**Exercise data:**
────────────────
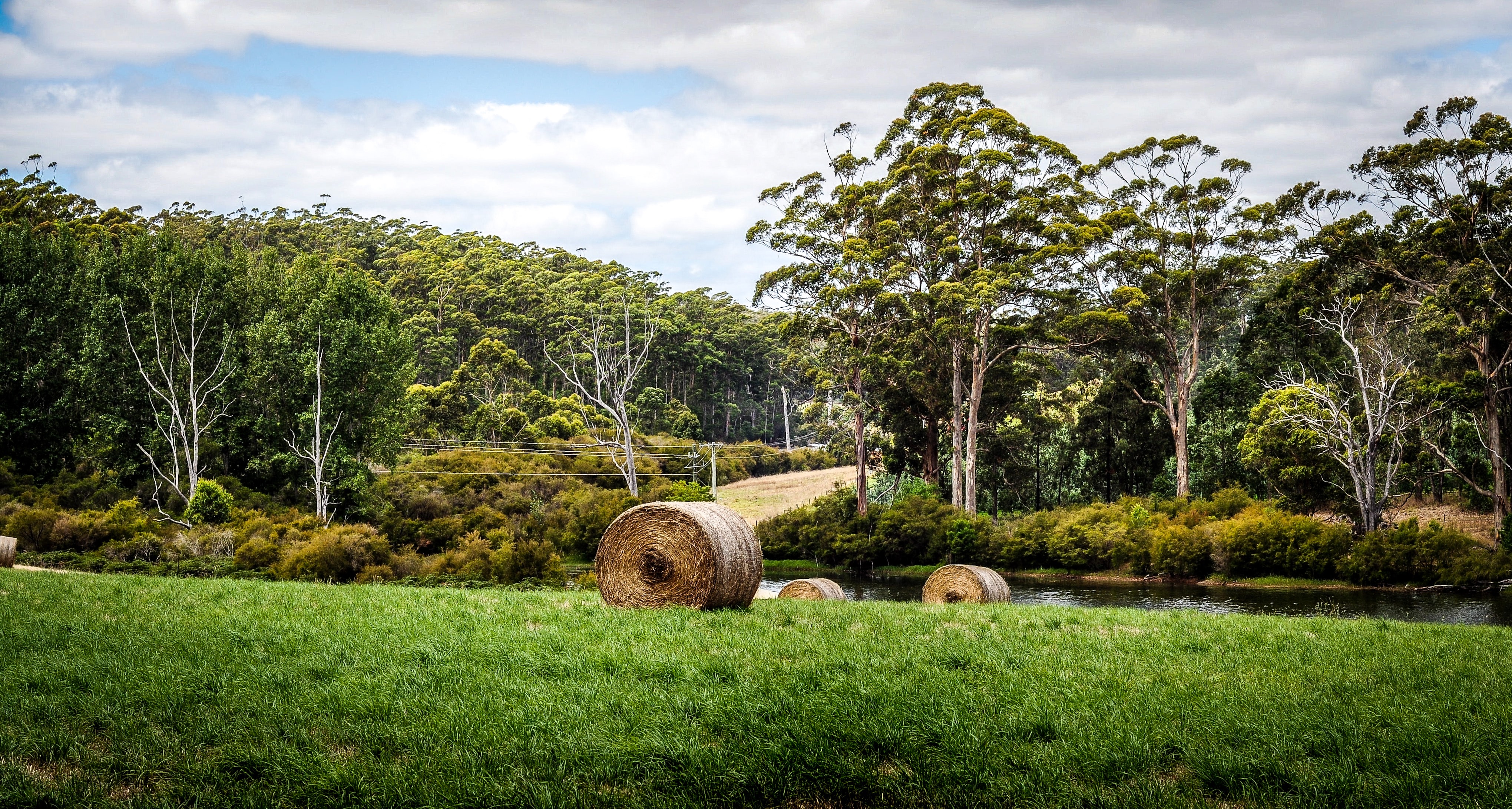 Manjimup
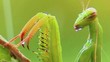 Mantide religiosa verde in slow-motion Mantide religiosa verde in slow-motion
────────────────
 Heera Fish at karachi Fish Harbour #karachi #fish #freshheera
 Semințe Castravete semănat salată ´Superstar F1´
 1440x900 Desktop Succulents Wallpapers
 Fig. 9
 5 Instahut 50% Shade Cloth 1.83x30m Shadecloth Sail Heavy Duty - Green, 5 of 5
────────────────
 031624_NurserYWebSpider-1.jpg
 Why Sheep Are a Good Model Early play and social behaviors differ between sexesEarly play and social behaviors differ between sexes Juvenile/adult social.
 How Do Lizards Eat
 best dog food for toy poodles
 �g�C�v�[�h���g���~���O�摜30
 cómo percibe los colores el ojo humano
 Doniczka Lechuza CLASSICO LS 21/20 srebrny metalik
────────────────
**Prompt:** Starting at the line with "best dog food for toy poodles" and ending at the line with "Doniczka Lechuza CLASSICO", print each line of the listing above exactly, with no other lines.

**Output of the task:**
 best dog food for toy poodles
 �g�C�v�[�h���g���~���O�摜30
 cómo percibe los colores el ojo humano
 Doniczka Lechuza CLASSICO LS 21/20 srebrny metalik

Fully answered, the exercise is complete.